Por eso Marcuse propondrá transformar la ciencia en política,26 para justificar el acto de liberación del hombre aplicando a la ciencia unos fines y una orientación que no pueden alcanzarse desde el plano científico. Este es el único modo en el que Marcuse podría convertir el instrumento de dominación en instrumento de liberación, liberando a la ciencia como instrumento de poder y dominación para convertirse en la respuesta a las necesidades humanas.

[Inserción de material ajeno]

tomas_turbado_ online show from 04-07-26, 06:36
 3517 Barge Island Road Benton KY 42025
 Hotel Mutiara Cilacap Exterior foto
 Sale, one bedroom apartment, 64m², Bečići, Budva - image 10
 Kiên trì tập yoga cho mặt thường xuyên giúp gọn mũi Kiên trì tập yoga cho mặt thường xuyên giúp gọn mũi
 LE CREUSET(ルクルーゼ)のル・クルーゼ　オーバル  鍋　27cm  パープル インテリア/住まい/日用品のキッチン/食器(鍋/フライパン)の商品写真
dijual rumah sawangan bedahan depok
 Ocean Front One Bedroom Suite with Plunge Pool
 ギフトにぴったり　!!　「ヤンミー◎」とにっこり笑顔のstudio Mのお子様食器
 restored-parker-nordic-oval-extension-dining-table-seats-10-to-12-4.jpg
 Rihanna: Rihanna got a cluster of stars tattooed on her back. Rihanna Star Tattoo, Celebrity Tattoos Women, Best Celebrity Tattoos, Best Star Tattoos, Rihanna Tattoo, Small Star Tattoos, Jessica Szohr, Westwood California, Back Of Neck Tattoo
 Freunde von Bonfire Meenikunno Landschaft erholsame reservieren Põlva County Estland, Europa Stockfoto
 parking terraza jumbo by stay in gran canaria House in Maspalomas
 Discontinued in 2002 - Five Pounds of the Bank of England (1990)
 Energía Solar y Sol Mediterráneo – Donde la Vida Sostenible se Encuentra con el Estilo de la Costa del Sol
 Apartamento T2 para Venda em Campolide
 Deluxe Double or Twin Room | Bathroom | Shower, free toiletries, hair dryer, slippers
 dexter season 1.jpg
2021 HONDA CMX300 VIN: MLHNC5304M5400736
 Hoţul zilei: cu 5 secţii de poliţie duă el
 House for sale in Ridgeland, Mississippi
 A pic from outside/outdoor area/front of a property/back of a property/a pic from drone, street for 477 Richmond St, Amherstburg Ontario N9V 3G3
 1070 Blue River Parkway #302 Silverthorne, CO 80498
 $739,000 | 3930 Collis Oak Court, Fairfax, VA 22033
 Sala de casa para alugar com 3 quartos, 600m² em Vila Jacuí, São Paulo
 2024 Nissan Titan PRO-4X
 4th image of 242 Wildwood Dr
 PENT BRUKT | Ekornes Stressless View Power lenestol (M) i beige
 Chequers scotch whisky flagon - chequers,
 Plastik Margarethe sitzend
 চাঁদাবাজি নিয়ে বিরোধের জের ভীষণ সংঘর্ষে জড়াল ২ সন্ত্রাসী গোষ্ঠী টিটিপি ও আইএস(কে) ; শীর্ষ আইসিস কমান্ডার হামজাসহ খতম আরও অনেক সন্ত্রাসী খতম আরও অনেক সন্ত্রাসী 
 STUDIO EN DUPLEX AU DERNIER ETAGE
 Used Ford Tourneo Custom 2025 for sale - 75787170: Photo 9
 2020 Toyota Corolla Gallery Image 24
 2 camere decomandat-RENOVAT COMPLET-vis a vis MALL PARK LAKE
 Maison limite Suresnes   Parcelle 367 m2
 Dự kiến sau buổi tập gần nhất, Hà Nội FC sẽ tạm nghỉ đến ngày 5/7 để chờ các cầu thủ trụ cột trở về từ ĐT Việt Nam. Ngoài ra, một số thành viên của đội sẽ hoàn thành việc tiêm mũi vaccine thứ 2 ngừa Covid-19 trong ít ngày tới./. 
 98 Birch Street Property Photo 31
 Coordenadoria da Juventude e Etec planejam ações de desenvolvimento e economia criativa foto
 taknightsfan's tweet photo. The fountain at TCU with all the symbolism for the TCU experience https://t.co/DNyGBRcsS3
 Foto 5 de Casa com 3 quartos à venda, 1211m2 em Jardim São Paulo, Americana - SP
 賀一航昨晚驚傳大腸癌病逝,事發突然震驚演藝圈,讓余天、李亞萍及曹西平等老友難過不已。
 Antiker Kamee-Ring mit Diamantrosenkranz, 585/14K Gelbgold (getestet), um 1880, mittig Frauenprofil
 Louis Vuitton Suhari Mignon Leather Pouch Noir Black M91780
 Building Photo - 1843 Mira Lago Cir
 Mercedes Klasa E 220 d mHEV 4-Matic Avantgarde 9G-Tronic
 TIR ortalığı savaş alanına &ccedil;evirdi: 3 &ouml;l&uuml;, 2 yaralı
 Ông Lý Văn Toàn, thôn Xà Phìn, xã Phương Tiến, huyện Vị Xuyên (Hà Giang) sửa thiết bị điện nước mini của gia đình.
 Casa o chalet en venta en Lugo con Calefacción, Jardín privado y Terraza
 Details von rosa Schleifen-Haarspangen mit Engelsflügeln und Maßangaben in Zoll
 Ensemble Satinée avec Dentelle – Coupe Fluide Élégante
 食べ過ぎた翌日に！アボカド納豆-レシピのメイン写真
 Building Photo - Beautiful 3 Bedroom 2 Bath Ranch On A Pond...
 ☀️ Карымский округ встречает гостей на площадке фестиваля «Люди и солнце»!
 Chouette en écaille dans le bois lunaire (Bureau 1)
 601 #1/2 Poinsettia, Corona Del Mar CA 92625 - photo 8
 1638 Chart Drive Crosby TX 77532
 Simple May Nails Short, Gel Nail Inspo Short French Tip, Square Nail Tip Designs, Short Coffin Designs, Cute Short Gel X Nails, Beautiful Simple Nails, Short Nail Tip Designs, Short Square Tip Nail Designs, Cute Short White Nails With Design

De este modo vemos cómo el logos que menciona Marcuse como fundamento de la verdadera libertad no es más que un requisito que permite la liberación del hombre de las tareas serviles, situándose en la base para el desarrollo posterior de las potencialidades humanas. Sobre el logos materialista de Marcuse irrumpe con fuerza el desarrollo del eros o del instinto vital freudiano, que es asimilado a la parte irracional e impulsiva del ser humano. Así, la realización del hombre se encuentra en el reconocimiento de las necesidades no sublimadas de la libido, dejando al hombre en manos de sus instintos más primarios, que son para Marcuse la verdadera fuerza revolucionaria y creadora que libera al hombre de la alienación de la sociedad unidimensional y de la represión instintiva.27
De este modo, en Marcuse no hay una verdadera reconciliación entre libertad y razón, pues la razón científica no puede guiar la acción al no poder descubrir lo más propiamente humano. Por eso la libertad liberada de las ataduras sociales queda ahora presa de los instintos vitales propios de la libido quedando así desorientada con relación a su verdadero fin: la felicidad y la plenitud del ser humano.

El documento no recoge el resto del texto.